The American Way of War as it Emerged had the Following Main Characteristics:

1. With the exception of Iraq and the pursuit of al Qaeda in Afghanistan, the U.S. got involved for reasons particular to the situations, not because it was pursuing some grand strategy. If there was one element in common among most of them it was that the U.S. was in pursuit of an obnoxious leader. These leaders have all proven to be elusive: Noriega disappeared for a few days; it took 8 months to discover Saddam Hussein; Osama bin Laden, Mullah Omar, Dr. Karadzic, and General Mladic still have not been found and arrested; and Aidid was not captured. Only Cedras in Haiti was forced into exile. Milosevic was eventually turned over by his own people for trial in The Hague as a war criminal. Nevertheless, all these leaders lost their power or their base of operations as a result of U.S. interventions.

2. Until Operation Iraqi Freedom (OIF), the U.S. was reactive, and took the time to thoroughly deliberate whether to intervene. OIF was the expression of a preemptive strategy, but was itself deliberated within the Administration for a year and a half. Most of the situations in which the U.S. chose to engage in combat did not come out of the blue. Rather, they had simmered for some time before U.S. intervention. Nor has the U.S. reacted in undue haste. In most cases, the U.S. carefully planned the operation before it started. The cases where the planning was not so careful—Somalia and Kosovo—turned out to be the messiest. In all cases, the regional Combat Commander (previously called the Unified Commander) got to do the planning. But this planning was subject to intense and prolonged iteration with Washington, especially at the policy level. This is not surprising, considering that most of the situations had a high political sensitivity, especially since many were not viewed as critical to U.S. national security. Only the two wars involving Iraq and the retaliation against Afghanistan for harboring al Qaeda have been thought to be strategically critical.
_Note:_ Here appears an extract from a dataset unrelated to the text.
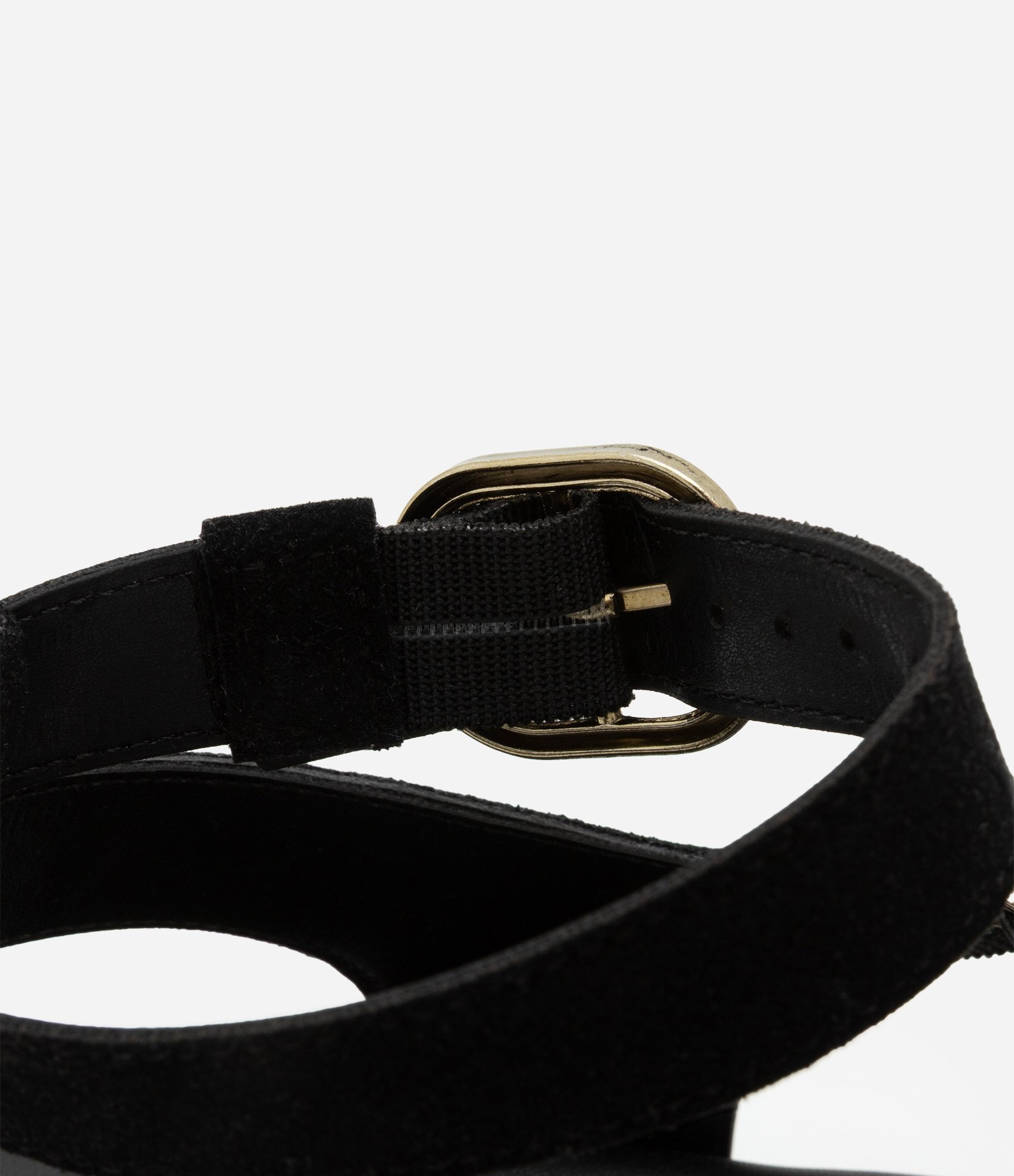 Sandália Rasteira Sport Sandal com Dedeira e Esferas Aplicadas Preto 5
3. The U.S. generally sought international approval and cooperation for its operations. This might have been in the UN Security Council, or in the NATO forum. Sometimes it relied on existing UN resolutions, as for the Desert Fox strikes on Iraq in 1998. It also sought and obtained support from other countries for Operation Iraqi Freedom, but could not obtain enough support in the UN Security Council for a second resolution that explicitly authorized the use of force. Operation Just Cause in Panama (1989) was the only situation for which the U.S. did not seek international approval.[8]